Start of Source material

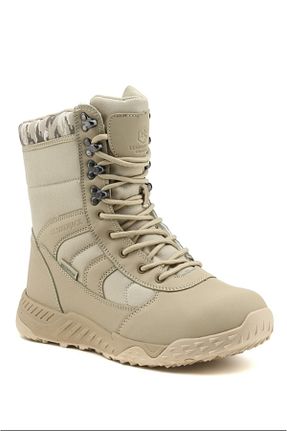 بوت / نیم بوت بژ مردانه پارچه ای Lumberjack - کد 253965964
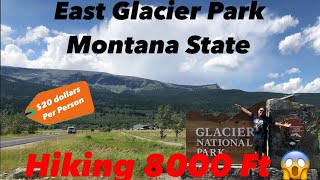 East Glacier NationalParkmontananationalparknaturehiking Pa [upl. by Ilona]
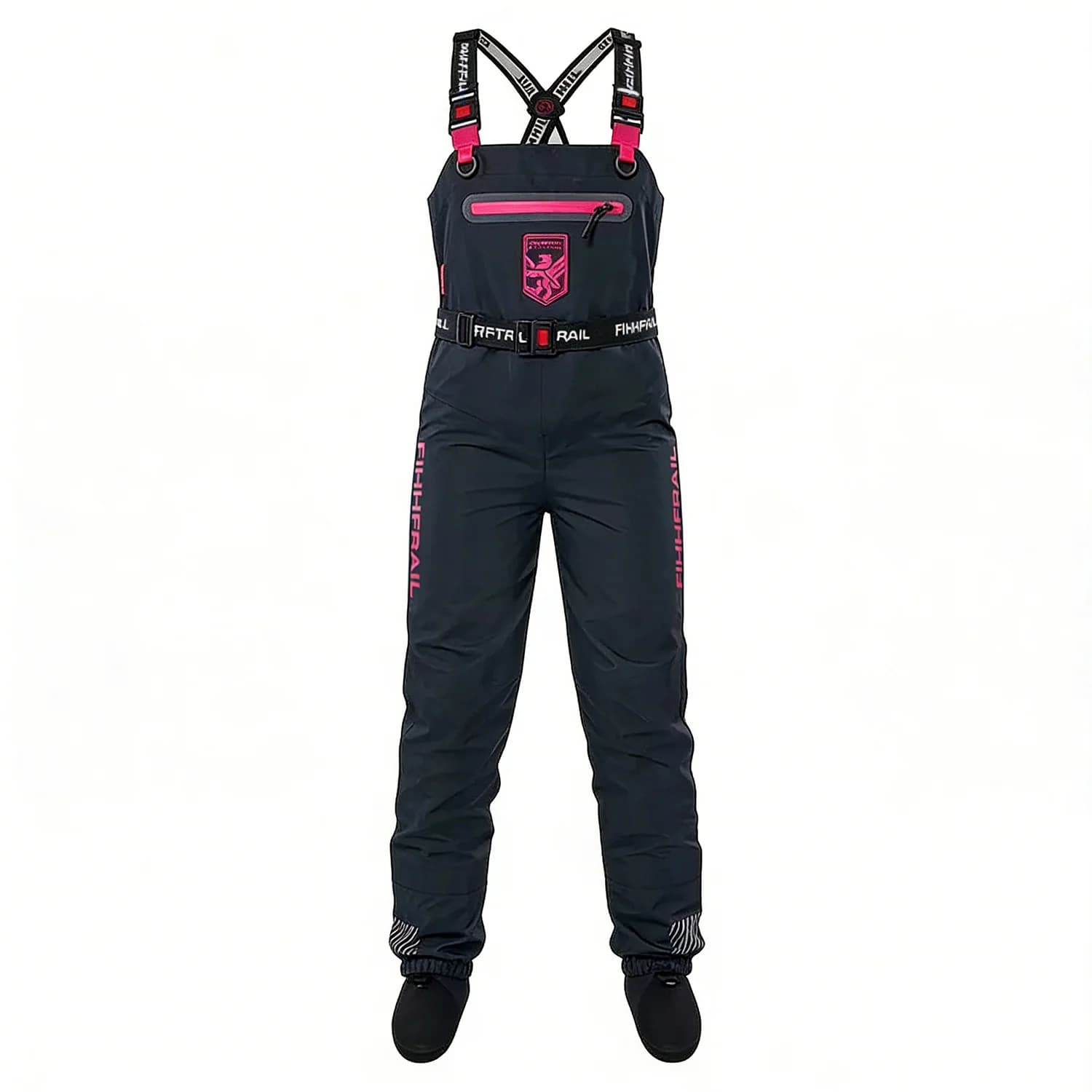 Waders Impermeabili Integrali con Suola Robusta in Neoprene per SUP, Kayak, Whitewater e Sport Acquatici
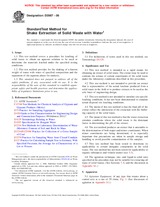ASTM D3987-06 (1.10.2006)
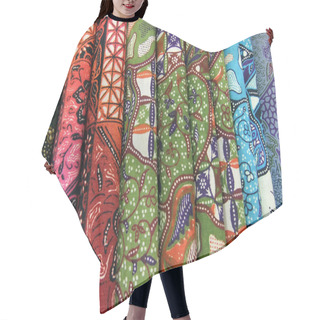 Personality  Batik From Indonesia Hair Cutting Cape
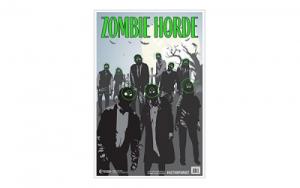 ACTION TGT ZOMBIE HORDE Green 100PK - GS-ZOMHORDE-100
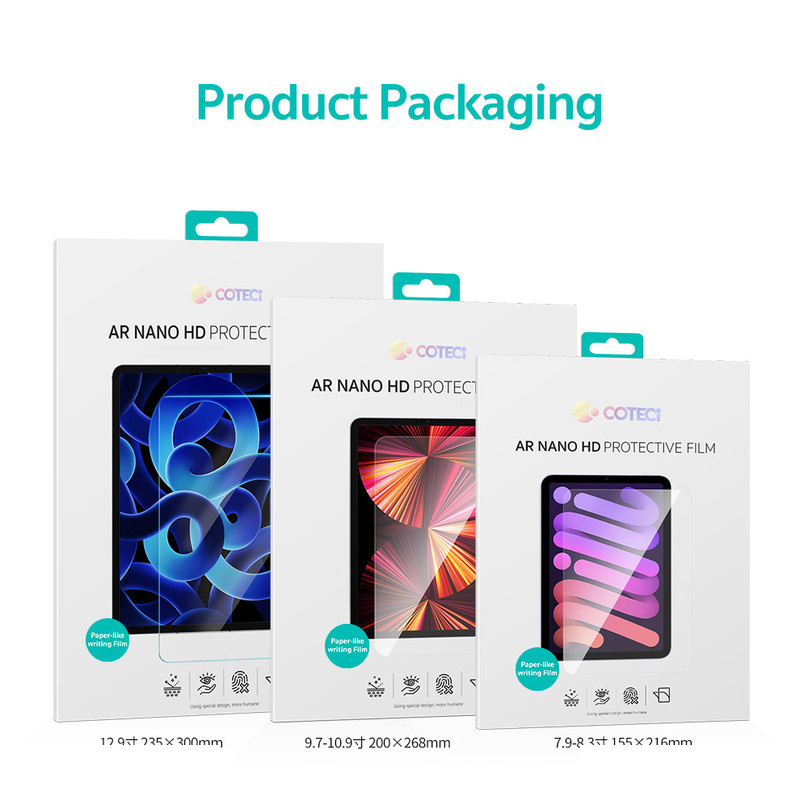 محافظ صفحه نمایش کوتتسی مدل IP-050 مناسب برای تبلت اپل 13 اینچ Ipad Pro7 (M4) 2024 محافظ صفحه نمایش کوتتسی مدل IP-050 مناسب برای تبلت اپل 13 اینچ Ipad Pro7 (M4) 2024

End of Source material

▸ **Problem statement**
Write the data above out again exactly, every line of it, and exclude the pictures.

▸ **Output below**
 بوت / نیم بوت بژ مردانه پارچه ای Lumberjack - کد 253965964
 East Glacier NationalParkmontananationalparknaturehiking Pa [upl. by Ilona]
 Waders Impermeabili Integrali con Suola Robusta in Neoprene per SUP, Kayak, Whitewater e Sport Acquatici
ASTM D3987-06 (1.10.2006)
 Personality  Batik From Indonesia Hair Cutting Cape
 ACTION TGT ZOMBIE HORDE Green 100PK - GS-ZOMHORDE-100
 محافظ صفحه نمایش کوتتسی مدل IP-050 مناسب برای تبلت اپل 13 اینچ Ipad Pro7 (M4) 2024 محافظ صفحه نمایش کوتتسی مدل IP-050 مناسب برای تبلت اپل 13 اینچ Ipad Pro7 (M4) 2024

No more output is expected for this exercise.